Contenus en emplois du supermarché en centre ville et de l’hypermarché en périphérie
L’évolution du commerce de détail résulte-t-elle d’une supériorité incontestable de la grande distribution, ou est-elle largement influencée par notre système fiscal ? Une comparaison a été faite entre le contenu en emploi et en transport de la vente d’une même marchandise par un supermarché en centre ville et par un hypermarché en périphérie : le premier engendre deux fois plus d’emplois et deux fois moins de transports que le second. (L’étude reste à faire pour le commerce de quartier traditionnel.) Le fait que nous taxions lourdement la main-d’œuvre et subventionnions les transports ne conduit-il pas à biaiser la compétitivité relative de la distribution dans un sens défavorable à un urbanisme « durable »)
Emplois mobilisés par le déplacement d’un voyageur sur un kilomètre en automobile ou en transport collectif
De la même façon , un déplacement d’un voyageur sur un kilomètre en automobile consomme deux fois plus de pétrole et crée deux fois moins d’emplois que le même déplacement en bus. Ici encore la fiscalité (sur la main-d’œuvre d’une part, sur l’énergie d’autre part) infléchit la compétitivité relative des deux modes de transport dont les impacts respectifs ne sont pas neutres vis-à-vis du développement urbain.
La taxe professionnelle
Les méfaits de la perception de la taxe professionnelle dans le cadre communal et non au niveau de l’agglomération sont bien connus : le régime actuel est un obstacle lourd à l’adoption de choix urbains structurés et équilibrés.
Rendons enfin possible le péage urbain
Les considérations qui précèdent ne débouchent sur aucune proposition visant à améliorer rapidement la situation sur tel ou tel de nos dysfonctionnements urbains, elles mettent en évidence des mécanismes qui agissent insidieusement dans un sens fâcheux avec des effets cumulatifs redoutables à long terme.
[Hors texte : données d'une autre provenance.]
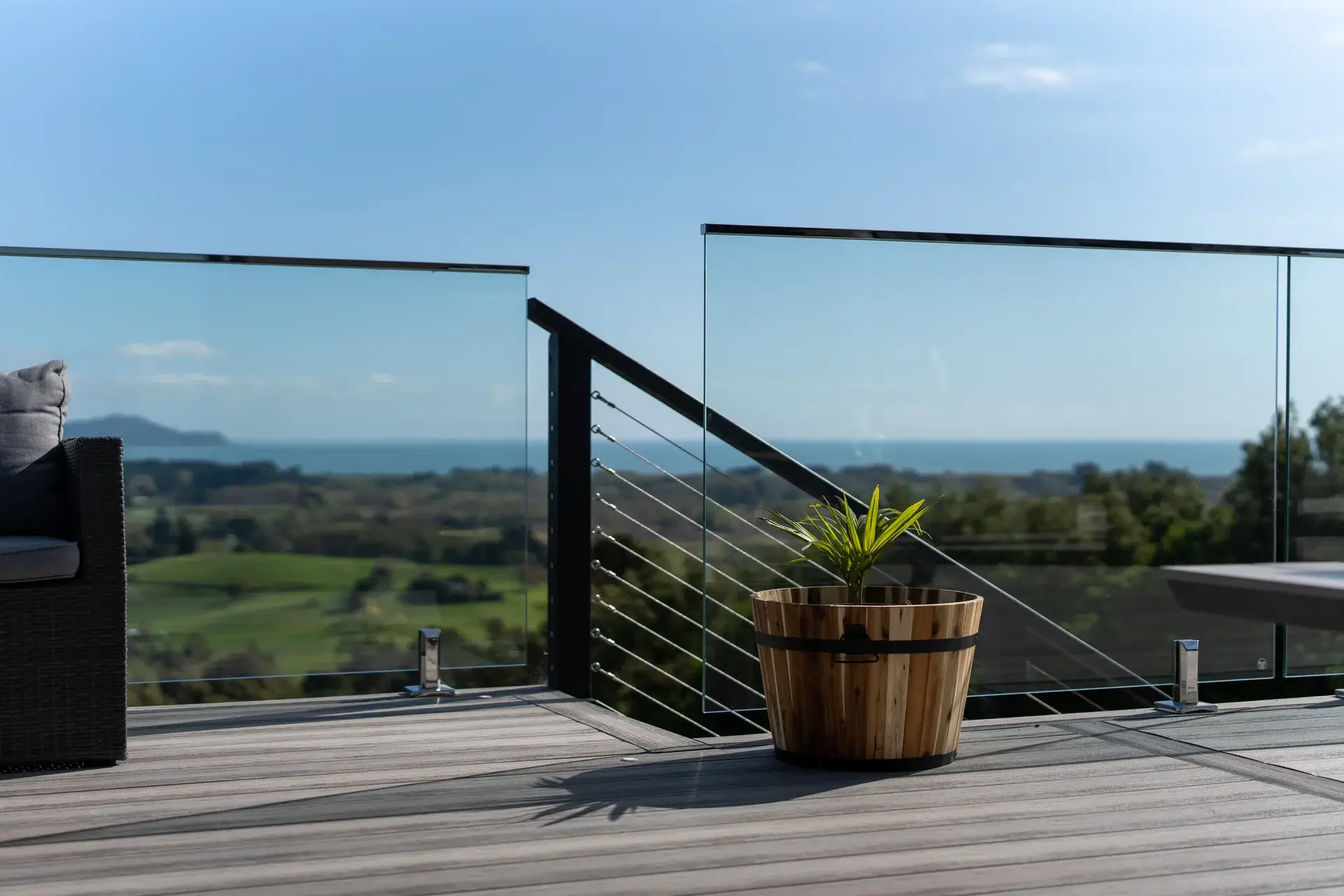 Composite deck with a glass balustrade looking over farmland to the sea, Huia Street, Waikanae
Revoir notre fiscalité et nos politiques de subvention me paraît indispensable pour infléchir ces évolutions : ne nous épuisons pas à ériger des petites digues locales si par ailleurs nous créons (ou en tout cas augmentons) la pente qui engendre le courant.
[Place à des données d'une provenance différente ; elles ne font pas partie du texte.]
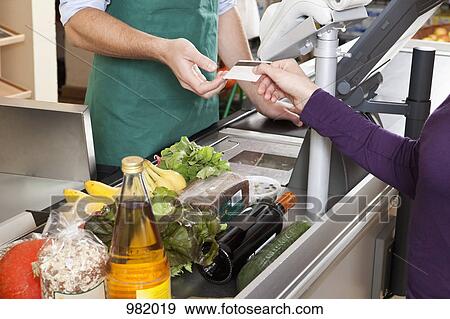 A customer handing a cashier a credit card at the supermarket View Large Photo Image Stock Photo - A customer handing a cashier a credit card at the supermarket. Fotosearch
Une mesure me paraît particulièrement nécessaire : financer le développement des transports collectifs par une fiscalité locale nouvelle qui freine l’usage de l’automobile en ville (taxe sur les places des parkings ou mieux sur l’usage de l’automobile en ville par péage électronique). Proposons une loi qui rende possible une telle fiscalité dans les agglomérations qui souhaiteraient l’instaurer.